§ **TASK REQUIREMENTS**:
Return, from the lines below, each one that includes the word "before".

§ **DATA FOR REVIEW**:
┄┄┄┄┄┄
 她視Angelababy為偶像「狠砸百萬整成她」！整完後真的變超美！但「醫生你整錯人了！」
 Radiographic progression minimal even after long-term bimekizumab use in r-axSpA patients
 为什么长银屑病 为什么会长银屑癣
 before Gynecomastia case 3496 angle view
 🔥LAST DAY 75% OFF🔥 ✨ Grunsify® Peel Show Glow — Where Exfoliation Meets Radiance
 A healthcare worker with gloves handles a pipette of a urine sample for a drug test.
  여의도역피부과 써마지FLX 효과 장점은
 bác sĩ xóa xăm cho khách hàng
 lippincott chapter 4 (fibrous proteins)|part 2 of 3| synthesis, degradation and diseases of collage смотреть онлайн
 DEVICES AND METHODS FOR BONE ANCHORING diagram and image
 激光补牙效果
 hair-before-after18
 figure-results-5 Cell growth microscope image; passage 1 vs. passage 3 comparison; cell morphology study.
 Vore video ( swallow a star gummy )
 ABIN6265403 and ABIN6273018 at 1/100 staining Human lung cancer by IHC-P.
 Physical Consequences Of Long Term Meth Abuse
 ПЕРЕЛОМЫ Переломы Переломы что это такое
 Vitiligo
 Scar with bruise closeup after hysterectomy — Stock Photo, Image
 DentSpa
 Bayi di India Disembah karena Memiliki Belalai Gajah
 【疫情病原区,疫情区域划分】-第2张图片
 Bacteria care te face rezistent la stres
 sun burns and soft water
┄┄┄┄┄┄
§ **WRITTEN ANSWER**:
 before Gynecomastia case 3496 angle view
 hair-before-after18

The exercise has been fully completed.